Fr McNamara said that he did not feel that the show had adequately dealt with his concerns, and he will now take his complaint to the BAI.
In Mr Masterson’s response, he clarified that as part of the conversation, Ryan Tubridy brought up a theory advanced on his radio show earlier that week that some people in their 30s are returning to the Catholic Church after a period of difficulty and scandal for the church.
“In attempting to hear new voices on the Late Late Show, it is inevitable that some will not like what they hear. Uncomfortable or unpopular opinions are part of debate as are views that clash or disagree with mainstream consensus,” wrote Mr Masterson.
Among those who support Fr McNamara is Fr Joe Young, formerly parish priest in Limerick's estate of Southill, who described the comments as “totally offensive”.
“Everybody should respect everybody's faith, regardless of what it is. When I give Communion to anyone who comes up in front of me, I believe I am giving the food of Christ, and that's what I have given my life to,” said the chaplain with the Brothers of Charity in Bawnmore, Limerick.
Fr McNamara said that while he is not a fan in general of the Rubberbandits' work, he believes them to be “gifted and talented”, and admired the song which shot them to stardom – Horse Outside.
“I was annoyed and hurt.
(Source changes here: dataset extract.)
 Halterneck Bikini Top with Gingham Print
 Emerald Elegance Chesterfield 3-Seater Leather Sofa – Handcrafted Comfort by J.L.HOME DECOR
I have given 35 years to the priesthood that I firmly believe in. I don't think the national broadcasting station is the place to ridicule it and make little of it.”
He said Holy Communion is “the bread of life, and a contact with Jesus Christ” – not “haunted bread”.
“We have feelings as well, and we're being continually beaten down due to past failings and faults. There isn't one organisation in the whole world that hasn't made mistakes, and we're trying to rectify them as best we can.”